Further, one must consider the quality of life reduction that one would likely experience in a post-nuclear war world. It's also important to remember that, in the long run, your survival is contingent on access to medicine and scientific progress. Future medical advances may even extend your lifespan very dramatically, and potentially provide very large amounts of utility. Unfortunately, full-scale nuclear war is very likely to impair medicine and science for quite some time, perhaps permanently.
Thus even if your fallout shelter succeeds, you will likely live a shorter and less pleasant life than you would otherwise. In the end, building a fallout shelter looks like an unwise investment unless you are extremely confident that a nuclear war will occur shortly-- and if you are, I want to see your data!
When taking personal precautionary measures, worrying about such catastrophes is generally silly, especially given the risks we all take on a regular basis-- risks that, in most cases, are much easier to avoid than nuclear wars. Societal disasters are generally extremely expensive for the individual to protect against, and carry a large amount of disutility even if protections succeed.
To make matters worse, if there's a nuclear war tomorrow and your house is hit directly, you'll be just as dead as if you fall off your bike and break your neck. Dying in a more dramatic fashion does not, generally speaking, produce more disutility than dying in a mundane fashion does. In other words, when optimizing for personal safety, focus on accidents, not nuclear wars; buy a bike helmet, not a fallout shelter.

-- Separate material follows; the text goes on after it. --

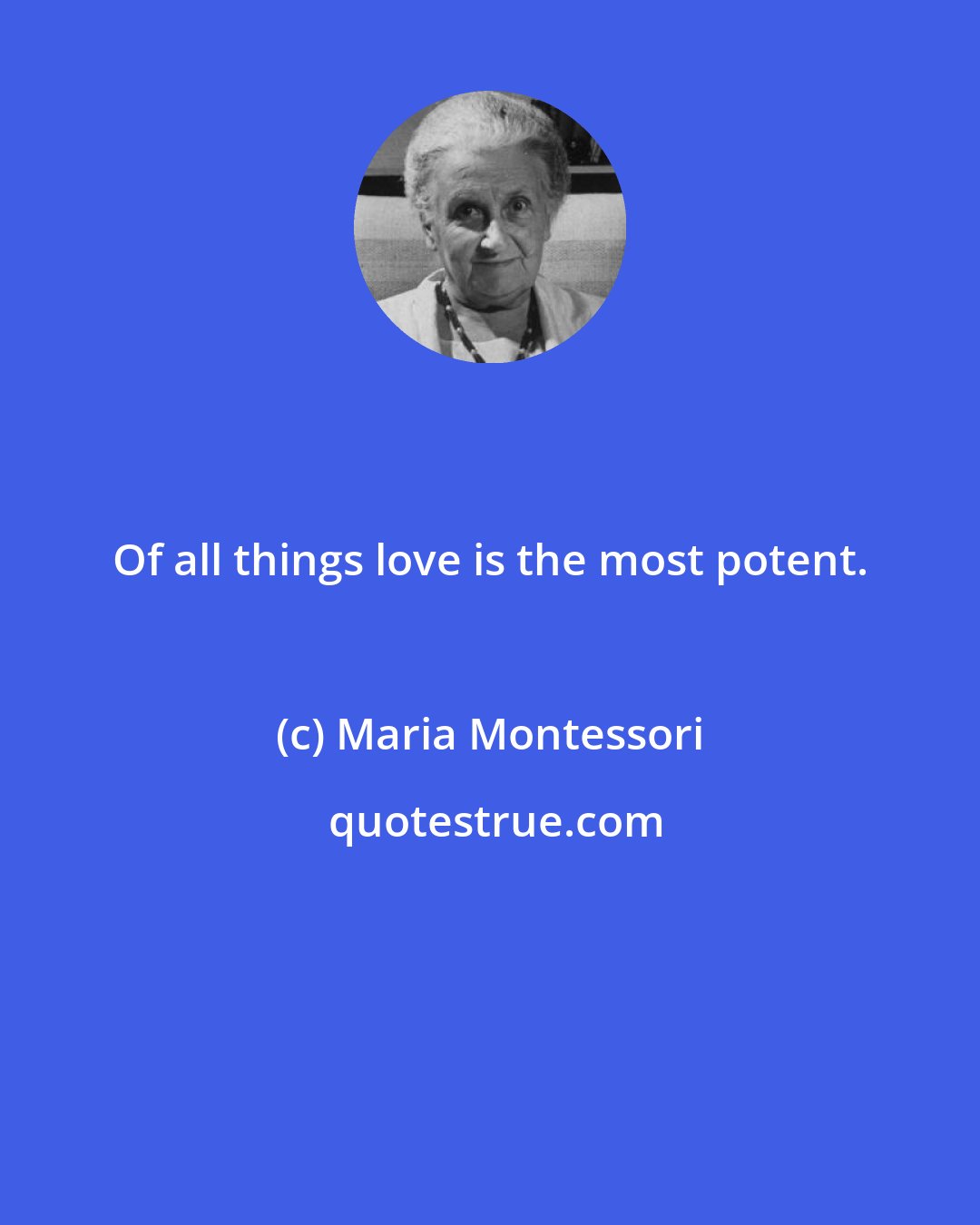 Maria Montessori: Of all things love is the most potent.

The flip side to this, of course, is that if there is a full-scale nuclear war, hundreds of millions-- if not billions-- of people will die and society will be permanently disrupted. If you die in a bike accident tomorrow, perhaps a half dozen people will be killed at most. So when we focus on non-selfish actions, the big picture is far, far, far more important. If you can reduce the odds of a nuclear war by one one-thousandth of one percent, more lives will be saved on average than if you can prevent hundreds of fatal accidents.
When optimizing for overall safety, focus on the biggest possible threats that you can have an impact on. In other words, when dealing with societal-level risks, your projected impact will be much higher if you try to focus on protecting society instead of protecting yourself.
In the end, building fallout shelters is probably silly, but attempting to reduce the risk of nuclear war sure as hell isn't. And if you do end up worrying about whether a nuclear war is about to happen, remember that if you can reduce the risk of said war-- which might be as easy as making a movie-- your actions will have a much, much greater overall impact than building a shelter ever could.